Lara, aged seven, was forced to flee her hometown Maarat al-Numan in northwestern Syria in early 2018. After being displaced several times, she now lives with her family in a camp in nearby Idlib. Lara is one of dozens of Syrian children quoted in a new report, titled "Anywhere but Syria," on the effects of displacement on Syrian children.
A key finding of the report, published by international NGO Save the Children this Tuesday (March 9), is that Lara and many of her peers, living both inside and outside the country, cannot imagine a future in their homeland.
"This 10-year war has cost Syria's young people their childhoods," Save the Children's regional director Jeremy Stoner said. "Protracted conflict has led to fear and pessimism about children's ability to build their lives in a country scarred by war."
For the report, Save the Children interviewed over 1,900 displaced children and their caregivers inside Syria and across Jordan, Lebanon, Turkey and the Netherlands between November and December 2020.
Those inside Syria seem to be worse off than their peers in the other four countries. Not only did displaced children inside Syria feel "the least connected to their communities," they were also "significantly more likely" to experience discrimination.
One in three of them said they would rather live in another country, Save the Children reported. What's more, up to 60% of children there are unable to consistently access or afford adequate food, according to the United Nations. Many Syrian children have been displaced twice or even three times, the UNHCR website says.
As the Syrian civil war enters its 11th year, more than 387,000 people have been killed and millions displaced since the conflict began in 2011 with the brutal repression of anti-government protests.
Lack of education
The report exposes a stark difference between living conditions of Syrian children who found refuge in the Netherlands and those who live in one of the other four countries.
"My future is in the Netherlands; I speak better Dutch than Arabic and economically it's better," said a 15-year-old boy who now lives in the Netherlands.
According to the report, nine in ten Syrian children in the Netherlands share this sentiment of not wanting to return to their motherland. They cited language, education, economic opportunity and 'freedom' as reasons.

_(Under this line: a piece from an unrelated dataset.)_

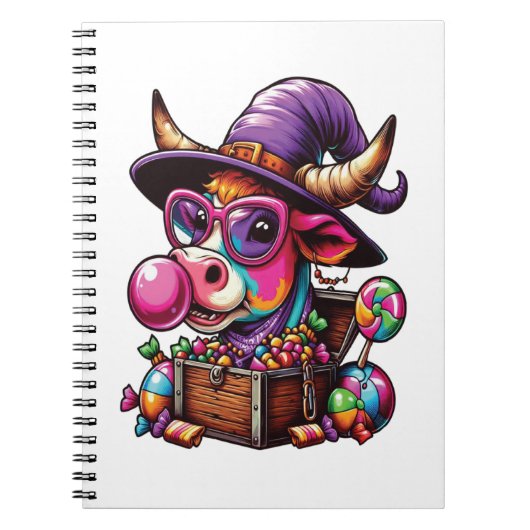 Rainbow Highland Cow Halloween Notizblock (Vorderseite)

And despite nearly two in three surveyed children indicating they had experienced discrimination, especially at school, 70% of Syrian children in the Netherlands saw a "positive future".
In contrast, access to education for children and their families living in refugee camps in Jordan, Lebanon and Turkey as well as inside Syria is much more difficult: While less than one in three (31%) and less than half (49%) of surveyed children in Lebanon and Jordan, respectively, had access to learning, more than half of those in Syria miss out on school.

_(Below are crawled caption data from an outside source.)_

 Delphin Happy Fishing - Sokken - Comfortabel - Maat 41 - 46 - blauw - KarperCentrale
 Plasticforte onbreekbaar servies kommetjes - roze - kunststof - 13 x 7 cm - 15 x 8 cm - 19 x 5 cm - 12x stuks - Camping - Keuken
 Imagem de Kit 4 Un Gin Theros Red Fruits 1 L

Overall, "many feel they have no say over their future," according to the report.
"I don't want to go back there. I don't want to go back and live in Syria again. I don't want to stay in Lebanon either," said Nada, a 17-year-old Syrian refugee living in neighboring Lebanon.

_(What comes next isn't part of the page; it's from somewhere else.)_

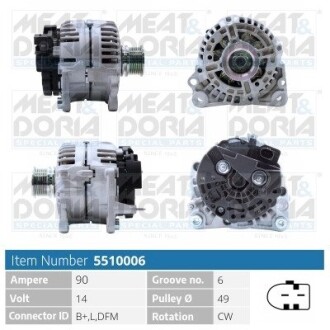 MEATDORIA AUDI Генератор A3 (8L1) 1.6 96-03, SEAT, SKODA, VW MEAT & DORIA 5510006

"No matter where I go, if we go to school, they bully us and tell us they don't want us. My dream is to become a doctor. But I don't have an education," she was quoted as saying in the Save the Children report.
Nada and more than two thirds of her peers in Lebanon said they did not want to return to Syria.
The discrimination she describes is far from the exception: 44% of all children in the study said they had experienced discrimination in their neighborhood or in school. Inside Syria, the proportion was 58%.
According to the UN children's agency UNICEF, more than 8.5 million Syrian children inside Syria and in neighboring countries are dependent on assistance.
When asked about their biggest wish for the future, the most common answer among children across all countries was an end to violence in Syria (26%), followed by education (18%). In total, 86% of all surveyed Syrian refugee children said they would not want to return to their country of origin.